Input data
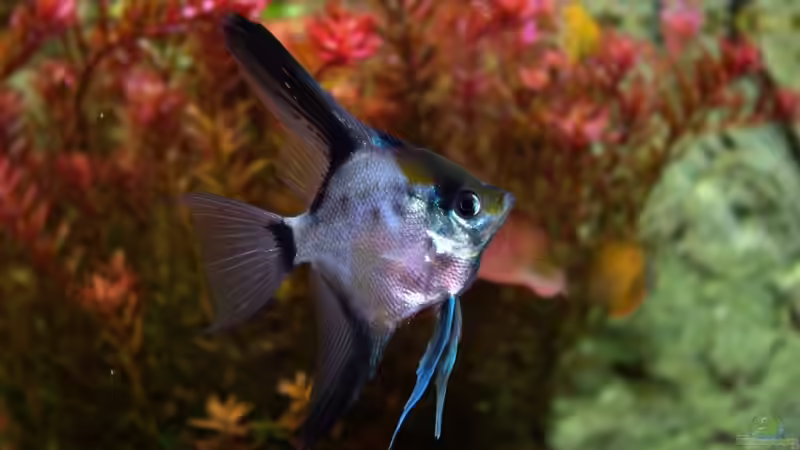 Skalar von Tobias Huber (16)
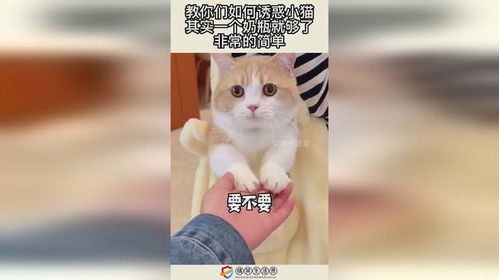 如何勾引小猫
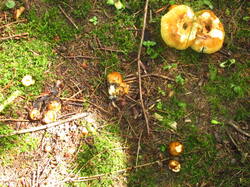 IMG_8745.thumb.JPG.ad4c766d7bf1ba2d099ee61e3d0a5fae.JPG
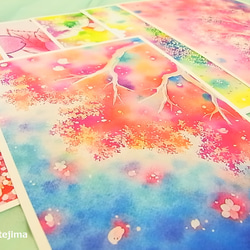 桜色のポストカードセット 1枚目の画像
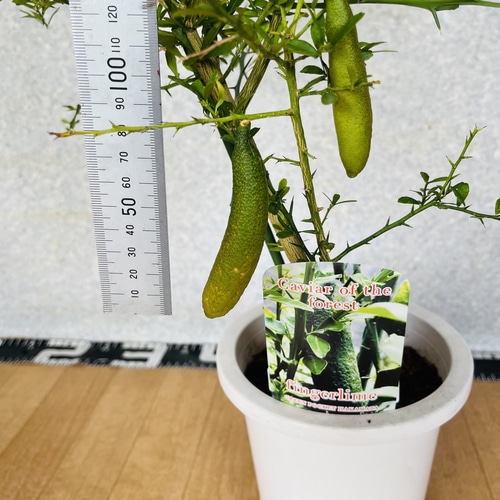 4年生　フィンガーライム接木苗／レインフォレストパール　8号ポット　果実収穫直前 4年生 フィンガーライム接木苗／レインフォレストパール 8号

What this task involves
Both ends included, copy the lines from the one holding "桜色のポストカードセット 1枚目の画像" to the last line of the entries exactly, with all pictures left out.

Answer area
 桜色のポストカードセット 1枚目の画像
 4年生　フィンガーライム接木苗／レインフォレストパール　8号ポット　果実収穫直前 4年生 フィンガーライム接木苗／レインフォレストパール 8号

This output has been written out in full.